Covid, titolari di ristoranti e pub dell’Agrigentino sul nuovo Dpcm: ”Per noi tanti disagi”

Non piacciano molto le nuove regole sulla ristorazione previste dal nuovo Dpcm, ma gli operatori dell’Agrigentino sono pronti a rispettarle per contenere i contagi e soprattutto per evitare un nuovo lockdown. Le nuove norme prevedono che bar, pub e ristoranti possono aprire dalle 5 alle 24 con consumo al tavolo oppure devono chiudere alle 18. Previsto il limite di 6 commensali per tavolo e l’obbligo di indicare la capienza massima del locale all’ingresso.
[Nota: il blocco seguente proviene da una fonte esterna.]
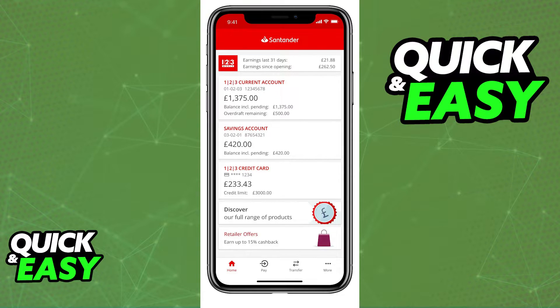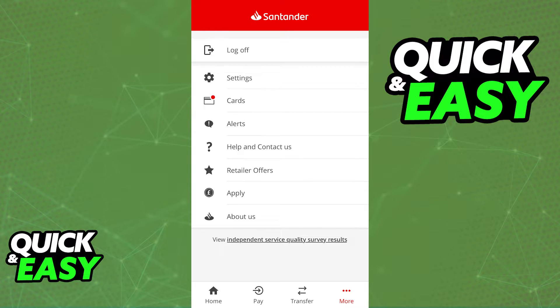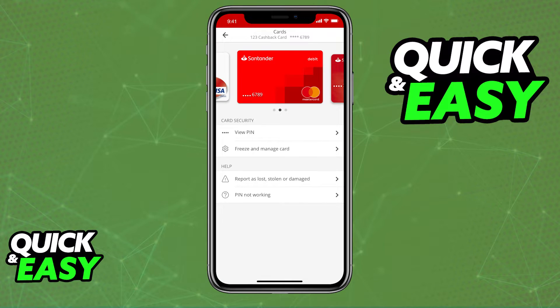If you are trying to manage a card that has been lost or stolen within the app, open up the menu at the bottom right corner of the screen, select the Cards tab and choose the appropriate card. In there, you will be able to report the card as lost or stolen and follow the prompts presented on screen to order your replacement card.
“Sostanzialmente – dice al Giornale di Sicilia Simona Vella, una delle titolari del wine bar Dacanto di Agrigento – con il nuovo Dpcm non ci cambia tantissimo, perché quella della chiusura a mezzanotte e della somministrazione delle bevande alcoliche ai tavoli è una linea che già seguivamo. Però chiaramente tutta questa azione che si sta facendo, noi riteniamo a ragione per prevenire il rischio contagi, sta influendo molto nella nostra attività già messa a dura prova dal lockdown, perché si è creato un clima di tensione che ha fatto abbassare significativamente le presenze. Anche perché il nostro è un wine bar e la gente viene o per l’aperitivo o per il dopocena, ma avendo dei tempi così ristretti è chiaro che va direttamente a mangiare al ristorante e dopo cena, avendo così poco tempo a disposizione, non viene a sedersi. Per questo la nostra attività ne sta risentendo molto”.
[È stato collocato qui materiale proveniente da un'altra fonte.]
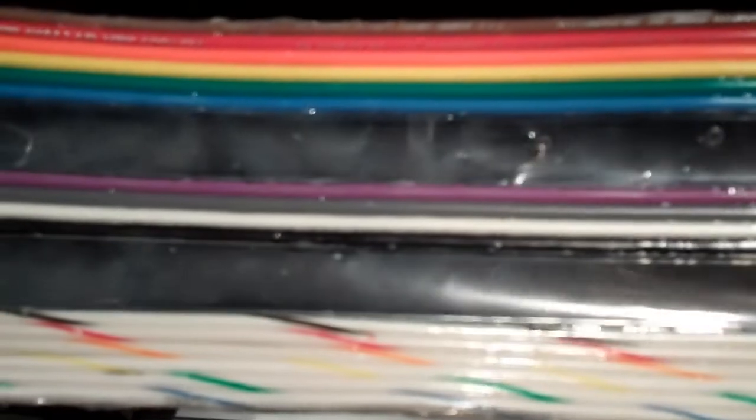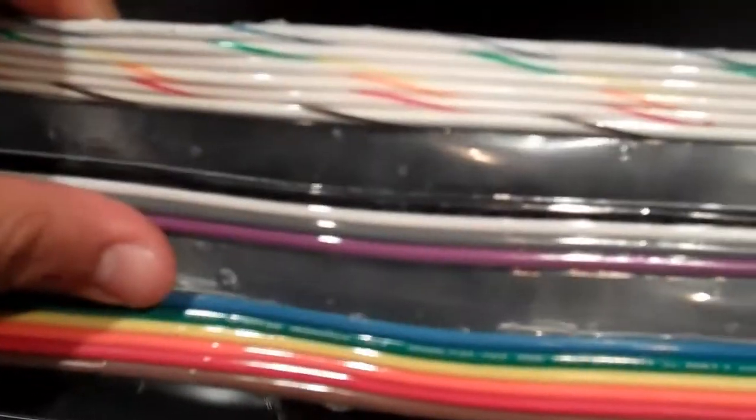So this is a really quick update on ribbon cables. As you can see here, this is already here and it's already glued together. It's actually an adhesive that I found that works great.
Così Nino Bentivegna, titolare dell’Hostaria del Vicolo di Sciacca: “Credo che sia giusto rispettare le regole: mascherina, distanza e limite massimo di sei persone. Il mio ristorante aveva la capienza di 35 posti e oggi è di 18 posti. Disinfettiamo continuamente il menù ogni volta che viene usato, disinfettiamo sedie ogni volta che la persona si alza, ci disinfettiamo le mani ogni qualvolta tocchiamo un piatto o un bicchiere. Devi essere attento e rispettoso, è l’unica arma che abbiamo per combattere questo Covid-19”.
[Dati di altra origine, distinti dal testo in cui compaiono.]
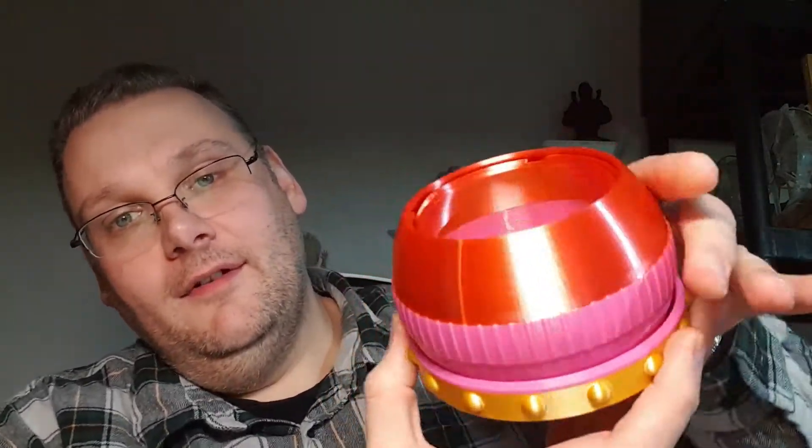Hi guys, it's Andy here from Awesome 3D Prints with another awesome 3D print. Here it is — this is an iris box from Thingiverse. You basically just twist the bottom and it seals shut. These are fantastic things. I love print-in-place prints that you can just print without any assembly and they move straight off the build plate. They're one of my most fascinating things to print.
“Secondo me con le nuove misure non si vedrà nessun calo della curva dei contagi”, ha detto Giuseppe Vitello, titolare del ristorante e gelateria Lustru di Luna di Siculiana Marina. “Dei turisti – ha aggiunto – arrivano con un pulmino di nove posti e poi io devo farli sedere divisi, tutto questo non ha senso logico. Se tu prendi un cono gelato nel mio locale e ti appoggi al muretto rimanendo in piedi e sono le 18:30, io sono nel torto? Ma cosa posso fare se un cliente si prende una consumazione e non si vuole sedere? Non posso obbligarlo a sedersi, oppure si deve allontanare”.

“E’ un Dpcm severo per i bar che comunque va rispettato in considerazione dell’emergenza sanitaria e della necessità di contenere i contagi”, dice Nino Spataro del Bar Olimpia di Cattolica Eraclea. “Fortunatamente – aggiunge – il nostro locale dà ai clienti la possibilità di consumo al tavolo e quindi possiamo evitare la chiusura alle ore 18 e resteremo aperti fino alle 24 rispettando tutte le regole previste. L’auspicio è che questa situazione possa risolversi al più presto perché non possiamo permetterci un nuovo lockdown”.

“Intanto – ha detto Massimo Ingraudo, titolare del ristorante Bistrot 01/93di Ribera – è un bene che il governo con questo nuovo Dpcm ci dà la possibilità di stare aperti fino a mezzanotte e non fino alle 22 come inizialmente era stato ipotizzato. Ci dobbiamo organizzare ma il limite dei sei persone a tavolo ci creerà disagi. Per fortuna abbiamo un locale grande e ci siamo già organizzati per il distanziamento e con sei punti di sanificazione. Già in queste settimane ci siamo impegnati a rispettare tutte le norme anti contagio e tanta gente viene da noi anche perché sa di poter mangiare in sicurezza. Anche adesso quindi ci adegueremo nonostante i disagi”.